The Wall Street Journal published a piece in April saying that its losses were so huge that it was discussing a possible sale. It recently shut down its much-hyped Wallet app. A few months ago, people claiming to be employees were complaining about working there on the app Secret. CEO Jack Dorsey’s reputation got smeared in Nick Bilton’s “Hatching Twitter.”
Now, Fast Company’s Austin Carr, who got access to Dorsey and other Square higher-ups, just published a story about Square’s future that portrays it as a company struggling to figure out its strategy and stay relevant.
Carr describes the slew of new products that Square has churned out in the last year as it tries to find ways to make money from something other than its card reader. With launches like its lending arm Square Capital, a food-ordering app, interactive receipts, and enterprise software, Square looks like its scrambling.
Gokul Rajaram, one of Square’s top product engineers, has a mock movie poster near his team that reads “Square Quest IV: The Search For Non-Payments Revenue.”
Carr even writes that the company could be on the brink of one of Silicon Valley’s biggest nightmares: Mediocrity.
“Next to the graveyard of overhyped startups, there is a purgatory where companies like Groupon and Zynga toil — successful but not relevant, almost (or barely) profitable yet inconsequential,” he writes. “These are firms that, despite their promise, were never quite able to escape the clutches of mediocrity.
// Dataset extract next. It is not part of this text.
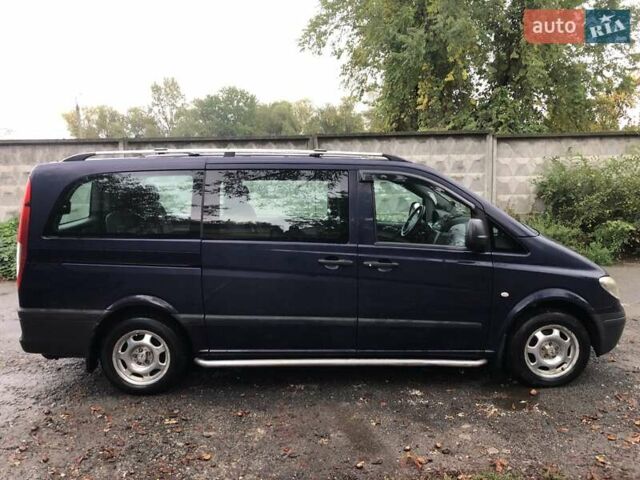 Синий Мерседес Вито, объемом двигателя 2.15 л и пробегом 414 тыс. км за 10500 $, фото 1 на Automoto.ua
Does Square now face the same fate?”
For a long time, Square was a Silicon Valley darling. It has raised $US340 million at a $US5 billion valuation less than four years after it launched its card reader. Dorsey added to the sky-high expectations with his own grand ambitions. He told Carr that he wants to build something that “resonates with everyone on the planet,” and reportedly often talks about his 5,000-year plan for the company.
Despite its meteoric rise, however, it could end up trundling along as a sustainable business, but not the revolutionary company that Dorsey envisions.